*** Opening of STUDY MATERIAL ***

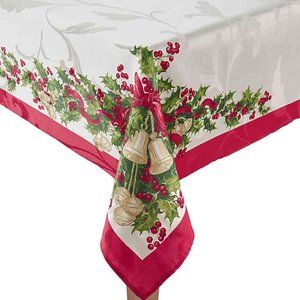 new Winter Wonderland 70" Round Christmas Garland & Bells Tablecloth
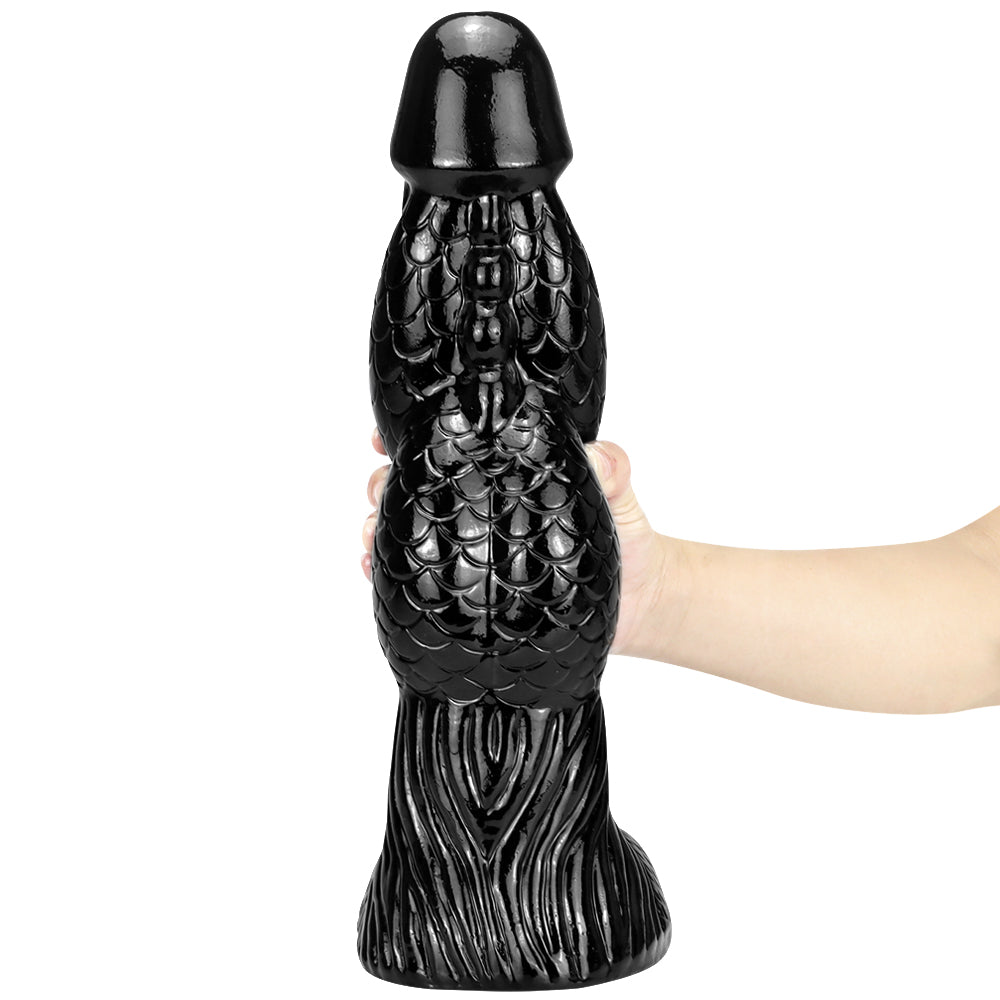 14 Inch Long Huge Black Dragon Dildo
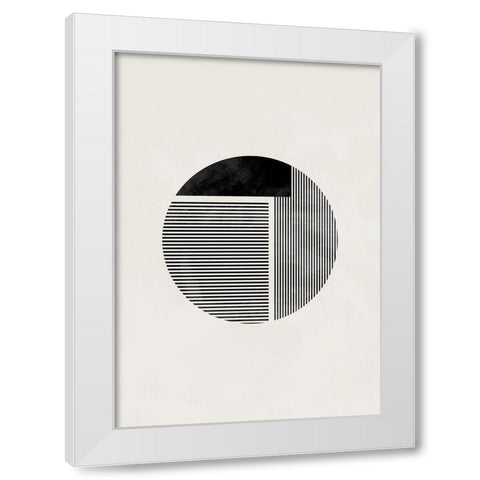 Minimalist round White Modern Wood Framed Art Print by 1x Studio II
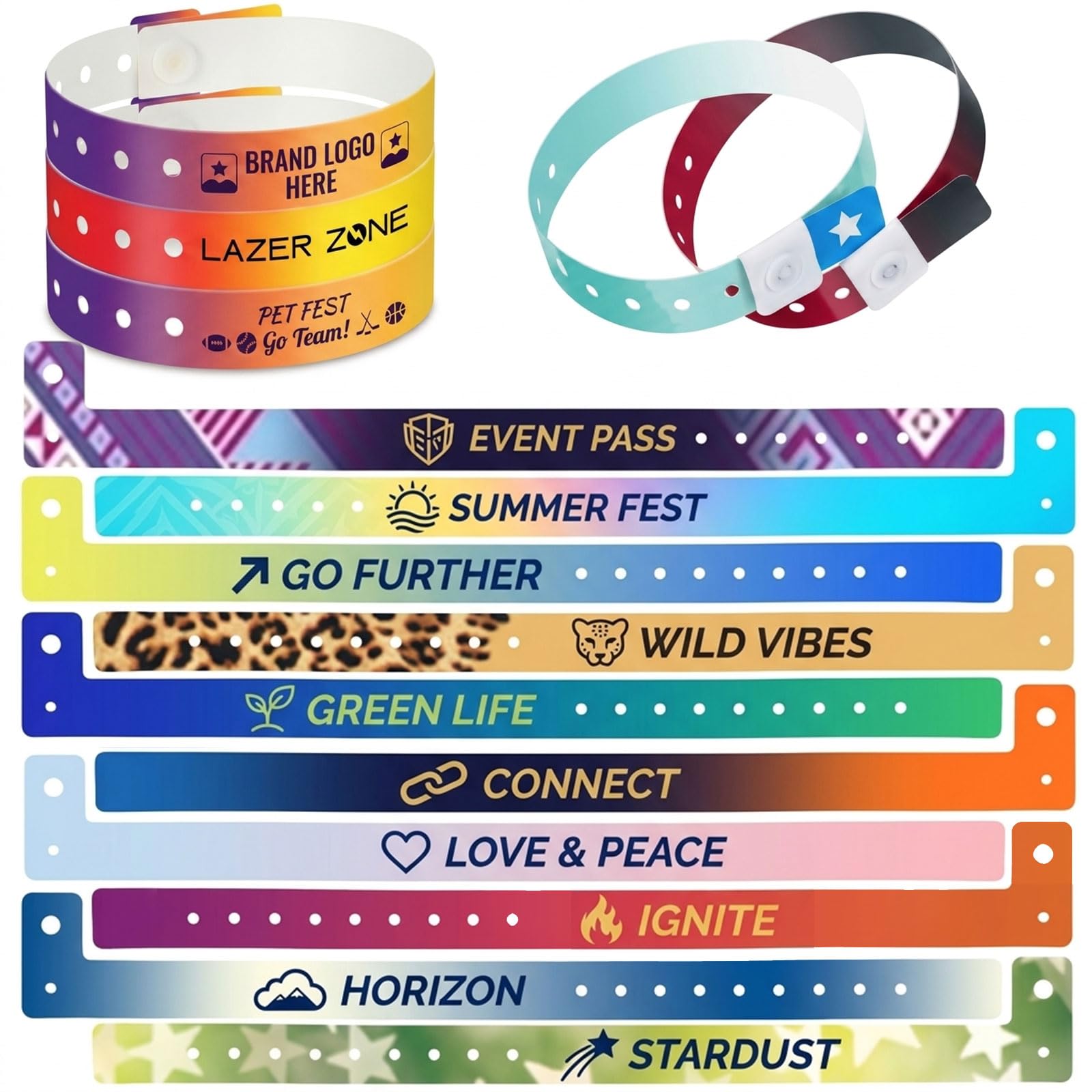 JJ GRADGOWN Personalised Plastic Wristbands with Text/Logo (Plastic)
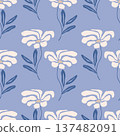 Boho style pattern with daisies on bright, fresh blue background. Suitable for textiles, packaging, and wallpaper. 137482091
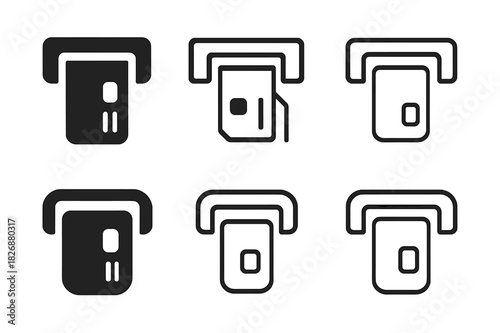 Financial Access Icons. Access to Financial Services. Icon set. Set Logo of Access to Financial Services: ATM Machine. harmonious logo variations of the same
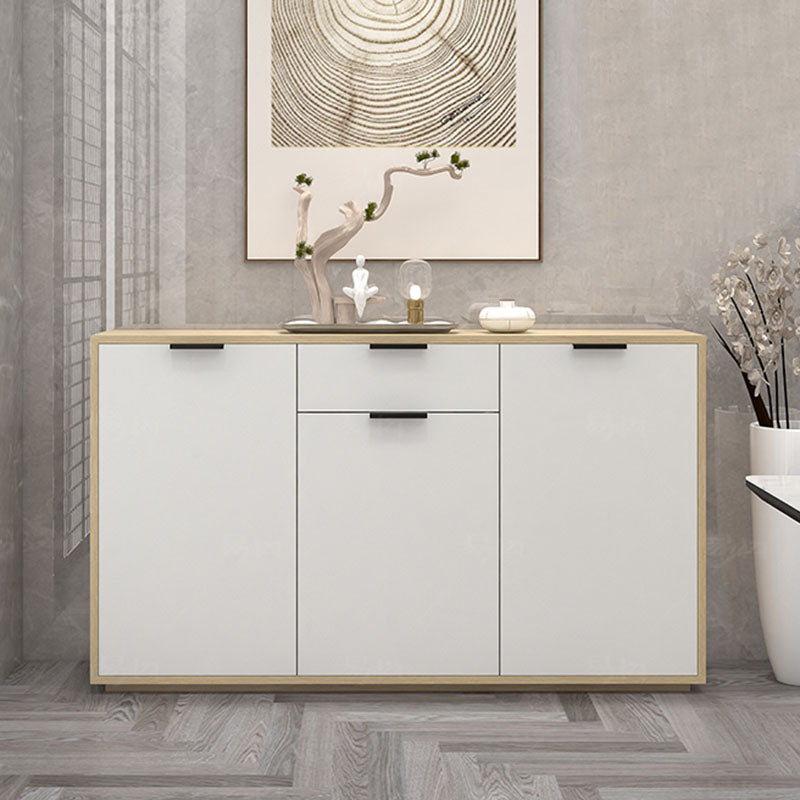 White Contemporary Side Board Engineered Wood Sideboard for Dining Room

*** Close of STUDY MATERIAL ***

Transcribe each entry above exactly, apart from the pictures.

- WRITTEN ANSWER
 new Winter Wonderland 70" Round Christmas Garland & Bells Tablecloth
 14 Inch Long Huge Black Dragon Dildo
 Minimalist round White Modern Wood Framed Art Print by 1x Studio II
 JJ GRADGOWN Personalised Plastic Wristbands with Text/Logo (Plastic)
 Boho style pattern with daisies on bright, fresh blue background. Suitable for textiles, packaging, and wallpaper. 137482091
 Financial Access Icons. Access to Financial Services. Icon set. Set Logo of Access to Financial Services: ATM Machine. harmonious logo variations of the same
 White Contemporary Side Board Engineered Wood Sideboard for Dining Room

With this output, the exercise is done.